Task directions
Write the data out in full and word for word. Do not include images.

Given information
┄┄┄┄┄┄┄┄┄┄
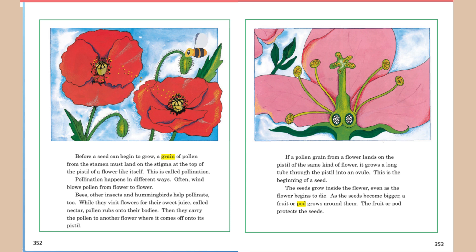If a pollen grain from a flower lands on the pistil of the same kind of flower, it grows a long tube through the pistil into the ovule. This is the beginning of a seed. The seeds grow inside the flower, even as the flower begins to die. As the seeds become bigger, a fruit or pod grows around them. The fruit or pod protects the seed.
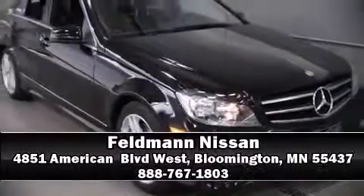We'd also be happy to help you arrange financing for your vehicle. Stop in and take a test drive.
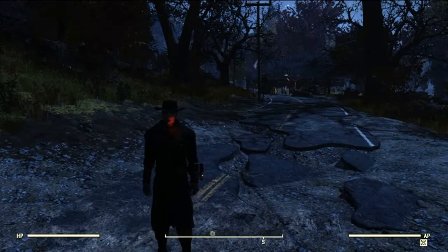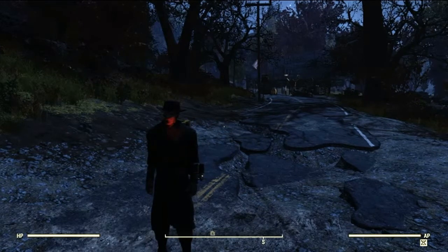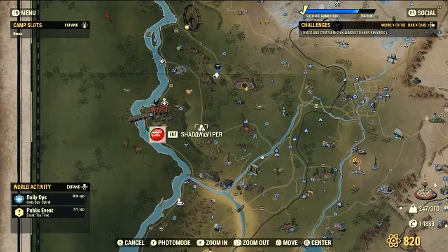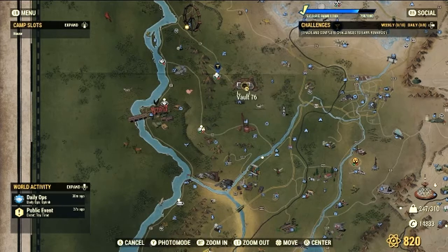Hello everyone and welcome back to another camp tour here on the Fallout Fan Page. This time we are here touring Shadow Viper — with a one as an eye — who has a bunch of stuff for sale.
┄┄┄┄┄┄┄┄┄┄
Answer to this exercise
If a pollen grain from a flower lands on the pistil of the same kind of flower, it grows a long tube through the pistil into the ovule. This is the beginning of a seed. The seeds grow inside the flower, even as the flower begins to die. As the seeds become bigger, a fruit or pod grows around them. The fruit or pod protects the seed.
We'd also be happy to help you arrange financing for your vehicle. Stop in and take a test drive.
Hello everyone and welcome back to another camp tour here on the Fallout Fan Page. This time we are here touring Shadow Viper — with a one as an eye — who has a bunch of stuff for sale.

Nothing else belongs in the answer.